Next I went up to the apartment on the third floor, the attic apartment, to investigate a problem with the electric range. It had apparently started turning itself on. The panel concealing the rotary temperature controls was held on by something that resembled a plastic rivet that I had to destroy to remove, and once inside, I could see no way to fix anything. I'd had a shitty day and was drenched in sweat, so I shrugged and said I'd have to investigate it further. I told the tenant that, until we fix the problem, to turn the thing off at the nearby circuit breaker before going out.
After that unpromising morning, my workday began, it was somehow even worse than my unproductive morning as a landlord. For starters, the cool tools I'd been working on at the end of last week had destroyed a bunch of data in a couple tables. I had recent backups and so could restore them, but it was a pain in the ass and it kind of made me look like an idiot to the person who was using these tools. On top of this, there was something bad going on with the stability of the underlying database, which kept getting stuck in deadlocks that could only be solved by restarting the MySQL dæmon. That only took seconds, but every time it happened, all twenty or thirty websites hosted on that server would've shown errors to a visitor. It was surprising nobody was complaining about it.
Adding to the misery of all this, my gut was still far from normal. I continued to battle mild nausea and bouts of what felt like severe acid reflux (but for which there was no easy cure). The nausea kept me from eating, which made me feel weak and even somewhat woozy. I ate yesterday's leftover pasta at around noon but then had nothing else until past 5:00pm.
Then Gretchen told me that the tenant from the third floor of the brick mansion was saying that, since my visit, all the dials on his stove were malfunctioning. So now I had to make an emergency trip over there in the middle of my workday. As I set out, I forced myself to eat some food: a couple bananas followed by some peanuts.
That really helped. By the time I returned to the brick mansion (still driving on that donut), I was on top of my game. I'd brought along the things I thought might come in handy, particularly a roll of duct tape. In only a few minutes, it seemed I'd completely fixed all the problems with that troublesome electric range.
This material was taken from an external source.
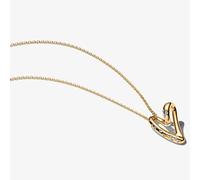PANDORA 14ct Gold Plated Organically Shaped Stone-Set Heart Pendant Necklace 364669C01-60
All I'd had to do was add a little duct tape around the stems that the knobs go on, and that made removed all the slop in their fit. Now when they were turned to off, the damn burner or oven would actually be off.
Next I went out to the garage and completely replaced the outdoor light fixture with a remote-sensor one. It was raining at the time, but I didn't want to have to come back again any time soon. The chore only took me about ten minutes.
My workday kind of ended with a whimper, but I had a second wind at around 11:00pm, when I discussed with my boss today's server reliability issues. In the course of our discussion, I came up with what seemed to me like a brilliant plan. The site already uses locking files to keep certain things from happening simultaneously that shouldn't. Since I suspected today's problems came from several people repeatedly trying to run reports, I decided to implement locking that would prevent two reports from being run at the same time and also to prevent data-changing cron jobs from running during reports.